**Problem requirements**. Exact copy, no pictures: reproduce the lines from the one that holds "Cover of Urban Jungle, Part 3" through the end of the entries.

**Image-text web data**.
————————
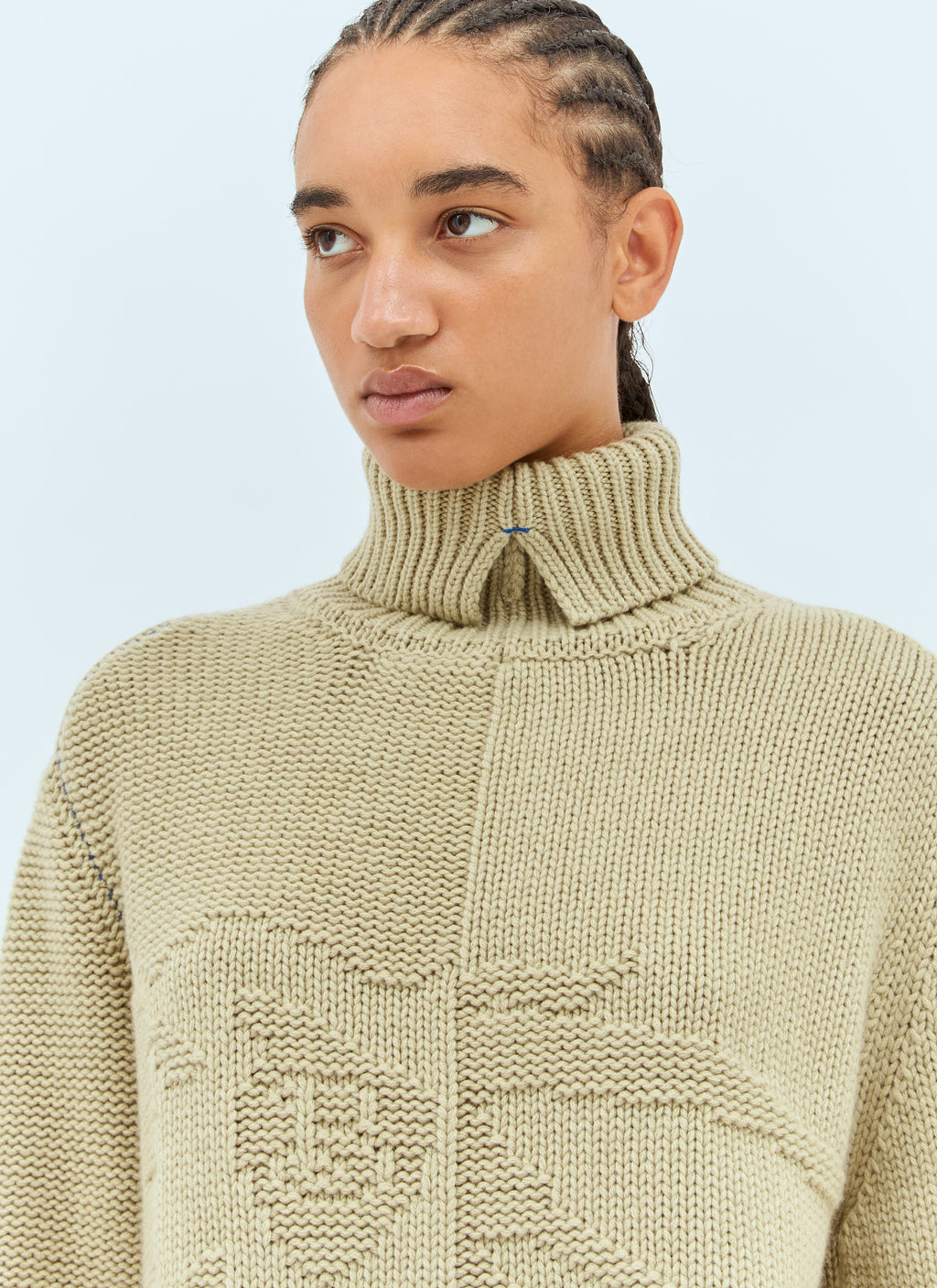 Burberry Women Cashmere Sweater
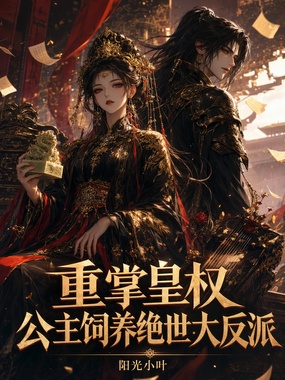 重掌皇权，公主饲养绝世大反派在线阅读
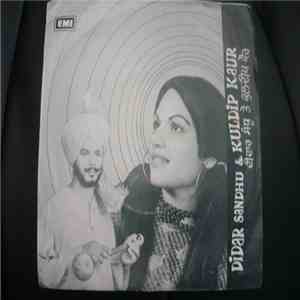 Didar Sandhu & Kuldip Kaur - Punjabi Folk download flac mp3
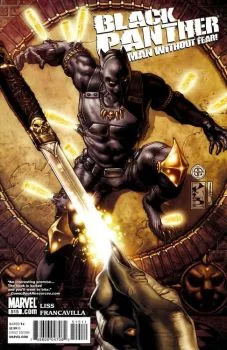 Cover of Urban Jungle, Part 3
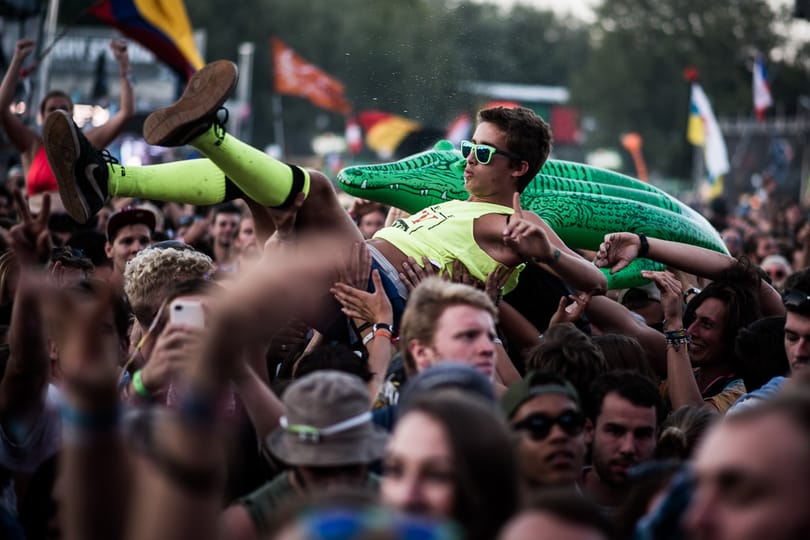 Tényleg a Sziget lett Közép-Európa legdrágább fesztiválja?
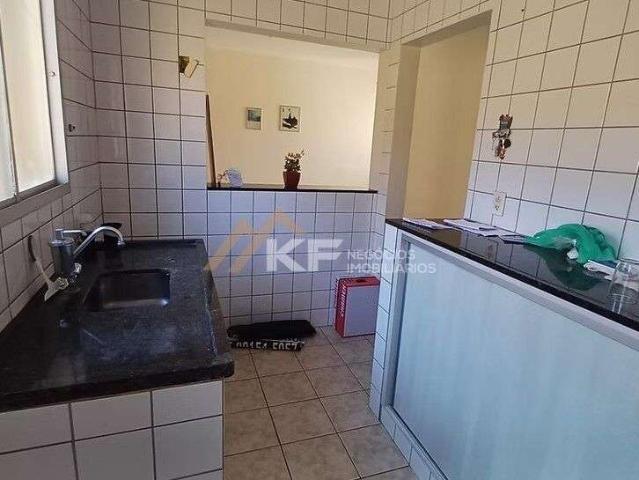 Apartamento para Venda em Ribeirão Preto/SP Alto do Ipiranga 2 Quartos
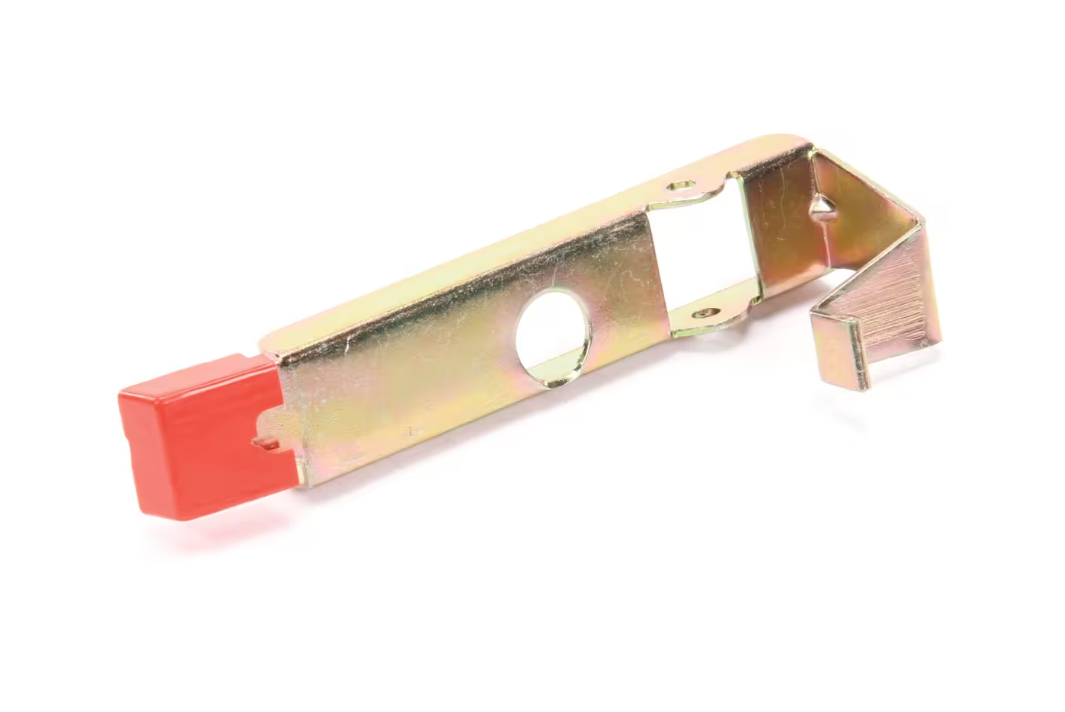 Pilot Ignition Arm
————————
**Task output**.
 Cover of Urban Jungle, Part 3
 Tényleg a Sziget lett Közép-Európa legdrágább fesztiválja?
 Apartamento para Venda em Ribeirão Preto/SP Alto do Ipiranga 2 Quartos
 Pilot Ignition Arm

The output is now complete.